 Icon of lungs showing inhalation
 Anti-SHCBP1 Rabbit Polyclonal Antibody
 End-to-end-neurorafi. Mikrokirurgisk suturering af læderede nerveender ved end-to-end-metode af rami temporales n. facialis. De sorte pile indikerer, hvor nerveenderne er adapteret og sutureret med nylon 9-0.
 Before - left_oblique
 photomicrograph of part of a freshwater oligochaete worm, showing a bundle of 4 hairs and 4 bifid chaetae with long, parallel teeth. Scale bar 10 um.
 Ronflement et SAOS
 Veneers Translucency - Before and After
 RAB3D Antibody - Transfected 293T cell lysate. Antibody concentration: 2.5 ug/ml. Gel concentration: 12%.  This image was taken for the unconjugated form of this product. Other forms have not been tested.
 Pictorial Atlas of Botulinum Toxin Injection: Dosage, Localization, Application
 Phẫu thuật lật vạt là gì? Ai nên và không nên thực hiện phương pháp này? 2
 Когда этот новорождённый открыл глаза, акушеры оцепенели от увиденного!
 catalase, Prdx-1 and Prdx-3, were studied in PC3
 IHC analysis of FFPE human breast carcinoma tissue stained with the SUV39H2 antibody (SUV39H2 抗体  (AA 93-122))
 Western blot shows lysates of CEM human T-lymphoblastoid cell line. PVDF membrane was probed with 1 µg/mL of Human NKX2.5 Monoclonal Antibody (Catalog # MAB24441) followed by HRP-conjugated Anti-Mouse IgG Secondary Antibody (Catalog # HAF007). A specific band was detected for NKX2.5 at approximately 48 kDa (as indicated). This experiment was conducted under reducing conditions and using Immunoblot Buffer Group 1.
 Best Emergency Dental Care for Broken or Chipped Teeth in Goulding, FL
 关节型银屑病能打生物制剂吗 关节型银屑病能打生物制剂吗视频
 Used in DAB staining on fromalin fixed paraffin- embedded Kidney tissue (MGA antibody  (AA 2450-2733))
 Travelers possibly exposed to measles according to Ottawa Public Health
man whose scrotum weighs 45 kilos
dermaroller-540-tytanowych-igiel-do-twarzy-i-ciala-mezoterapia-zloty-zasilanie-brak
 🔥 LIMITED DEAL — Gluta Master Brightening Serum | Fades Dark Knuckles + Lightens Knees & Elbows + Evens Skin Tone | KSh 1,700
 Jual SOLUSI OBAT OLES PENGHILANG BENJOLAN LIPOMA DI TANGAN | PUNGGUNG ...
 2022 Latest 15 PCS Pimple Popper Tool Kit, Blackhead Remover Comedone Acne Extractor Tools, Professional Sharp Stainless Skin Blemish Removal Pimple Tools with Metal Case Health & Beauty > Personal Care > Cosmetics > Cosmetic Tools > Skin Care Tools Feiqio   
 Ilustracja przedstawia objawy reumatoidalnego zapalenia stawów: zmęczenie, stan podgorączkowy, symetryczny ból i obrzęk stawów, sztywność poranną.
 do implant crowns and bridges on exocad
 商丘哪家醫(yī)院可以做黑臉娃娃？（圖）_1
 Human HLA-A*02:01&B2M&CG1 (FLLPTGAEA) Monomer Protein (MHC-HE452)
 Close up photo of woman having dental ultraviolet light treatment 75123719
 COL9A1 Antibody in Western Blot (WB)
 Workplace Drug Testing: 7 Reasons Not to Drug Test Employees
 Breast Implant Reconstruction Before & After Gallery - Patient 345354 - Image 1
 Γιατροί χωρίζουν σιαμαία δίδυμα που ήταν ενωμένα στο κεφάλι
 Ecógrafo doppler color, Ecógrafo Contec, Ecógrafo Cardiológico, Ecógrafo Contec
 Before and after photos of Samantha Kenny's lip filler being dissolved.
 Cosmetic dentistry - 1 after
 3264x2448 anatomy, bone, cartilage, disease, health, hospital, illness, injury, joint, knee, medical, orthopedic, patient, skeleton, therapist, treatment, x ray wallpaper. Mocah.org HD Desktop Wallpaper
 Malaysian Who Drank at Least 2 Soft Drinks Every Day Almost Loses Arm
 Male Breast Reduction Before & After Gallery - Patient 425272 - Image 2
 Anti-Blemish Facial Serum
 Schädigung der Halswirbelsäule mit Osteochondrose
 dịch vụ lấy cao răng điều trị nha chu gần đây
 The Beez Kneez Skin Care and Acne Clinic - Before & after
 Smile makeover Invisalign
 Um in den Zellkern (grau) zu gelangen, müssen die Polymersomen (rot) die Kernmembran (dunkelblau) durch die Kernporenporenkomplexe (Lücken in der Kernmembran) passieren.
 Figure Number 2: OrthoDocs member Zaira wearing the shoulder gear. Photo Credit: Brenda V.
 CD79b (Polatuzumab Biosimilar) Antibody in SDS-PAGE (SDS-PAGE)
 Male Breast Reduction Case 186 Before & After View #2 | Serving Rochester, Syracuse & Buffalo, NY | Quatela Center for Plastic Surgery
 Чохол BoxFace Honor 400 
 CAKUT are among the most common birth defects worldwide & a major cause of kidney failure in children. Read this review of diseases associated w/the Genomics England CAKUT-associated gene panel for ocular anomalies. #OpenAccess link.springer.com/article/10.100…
____________
Please write out the entries exactly, keeping every line intact.

 Icon of lungs showing inhalation
 Anti-SHCBP1 Rabbit Polyclonal Antibody
 End-to-end-neurorafi. Mikrokirurgisk suturering af læderede nerveender ved end-to-end-metode af rami temporales n. facialis. De sorte pile indikerer, hvor nerveenderne er adapteret og sutureret med nylon 9-0.
 Before - left_oblique
 photomicrograph of part of a freshwater oligochaete worm, showing a bundle of 4 hairs and 4 bifid chaetae with long, parallel teeth. Scale bar 10 um.
 Ronflement et SAOS
 Veneers Translucency - Before and After
 RAB3D Antibody - Transfected 293T cell lysate. Antibody concentration: 2.5 ug/ml. Gel concentration: 12%.  This image was taken for the unconjugated form of this product. Other forms have not been tested.
 Pictorial Atlas of Botulinum Toxin Injection: Dosage, Localization, Application
 Phẫu thuật lật vạt là gì? Ai nên và không nên thực hiện phương pháp này? 2
 Когда этот новорождённый открыл глаза, акушеры оцепенели от увиденного!
 catalase, Prdx-1 and Prdx-3, were studied in PC3
 IHC analysis of FFPE human breast carcinoma tissue stained with the SUV39H2 antibody (SUV39H2 抗体  (AA 93-122))
 Western blot shows lysates of CEM human T-lymphoblastoid cell line. PVDF membrane was probed with 1 µg/mL of Human NKX2.5 Monoclonal Antibody (Catalog # MAB24441) followed by HRP-conjugated Anti-Mouse IgG Secondary Antibody (Catalog # HAF007). A specific band was detected for NKX2.5 at approximately 48 kDa (as indicated). This experiment was conducted under reducing conditions and using Immunoblot Buffer Group 1.
 Best Emergency Dental Care for Broken or Chipped Teeth in Goulding, FL
 关节型银屑病能打生物制剂吗 关节型银屑病能打生物制剂吗视频
 Used in DAB staining on fromalin fixed paraffin- embedded Kidney tissue (MGA antibody  (AA 2450-2733))
 Travelers possibly exposed to measles according to Ottawa Public Health
man whose scrotum weighs 45 kilos
dermaroller-540-tytanowych-igiel-do-twarzy-i-ciala-mezoterapia-zloty-zasilanie-brak
 🔥 LIMITED DEAL — Gluta Master Brightening Serum | Fades Dark Knuckles + Lightens Knees & Elbows + Evens Skin Tone | KSh 1,700
 Jual SOLUSI OBAT OLES PENGHILANG BENJOLAN LIPOMA DI TANGAN | PUNGGUNG ...
 2022 Latest 15 PCS Pimple Popper Tool Kit, Blackhead Remover Comedone Acne Extractor Tools, Professional Sharp Stainless Skin Blemish Removal Pimple Tools with Metal Case Health & Beauty > Personal Care > Cosmetics > Cosmetic Tools > Skin Care Tools Feiqio   
 Ilustracja przedstawia objawy reumatoidalnego zapalenia stawów: zmęczenie, stan podgorączkowy, symetryczny ból i obrzęk stawów, sztywność poranną.
 do implant crowns and bridges on exocad
 商丘哪家醫(yī)院可以做黑臉娃娃？（圖）_1
 Human HLA-A*02:01&B2M&CG1 (FLLPTGAEA) Monomer Protein (MHC-HE452)
 Close up photo of woman having dental ultraviolet light treatment 75123719
 COL9A1 Antibody in Western Blot (WB)
 Workplace Drug Testing: 7 Reasons Not to Drug Test Employees
 Breast Implant Reconstruction Before & After Gallery - Patient 345354 - Image 1
 Γιατροί χωρίζουν σιαμαία δίδυμα που ήταν ενωμένα στο κεφάλι
 Ecógrafo doppler color, Ecógrafo Contec, Ecógrafo Cardiológico, Ecógrafo Contec
 Before and after photos of Samantha Kenny's lip filler being dissolved.
 Cosmetic dentistry - 1 after
 3264x2448 anatomy, bone, cartilage, disease, health, hospital, illness, injury, joint, knee, medical, orthopedic, patient, skeleton, therapist, treatment, x ray wallpaper. Mocah.org HD Desktop Wallpaper
 Malaysian Who Drank at Least 2 Soft Drinks Every Day Almost Loses Arm
 Male Breast Reduction Before & After Gallery - Patient 425272 - Image 2
 Anti-Blemish Facial Serum
 Schädigung der Halswirbelsäule mit Osteochondrose
 dịch vụ lấy cao răng điều trị nha chu gần đây
 The Beez Kneez Skin Care and Acne Clinic - Before & after
 Smile makeover Invisalign
 Um in den Zellkern (grau) zu gelangen, müssen die Polymersomen (rot) die Kernmembran (dunkelblau) durch die Kernporenporenkomplexe (Lücken in der Kernmembran) passieren.
 Figure Number 2: OrthoDocs member Zaira wearing the shoulder gear. Photo Credit: Brenda V.
 CD79b (Polatuzumab Biosimilar) Antibody in SDS-PAGE (SDS-PAGE)
 Male Breast Reduction Case 186 Before & After View #2 | Serving Rochester, Syracuse & Buffalo, NY | Quatela Center for Plastic Surgery
 Чохол BoxFace Honor 400 
 CAKUT are among the most common birth defects worldwide & a major cause of kidney failure in children. Read this review of diseases associated w/the Genomics England CAKUT-associated gene panel for ocular anomalies. #OpenAccess link.springer.com/article/10.100…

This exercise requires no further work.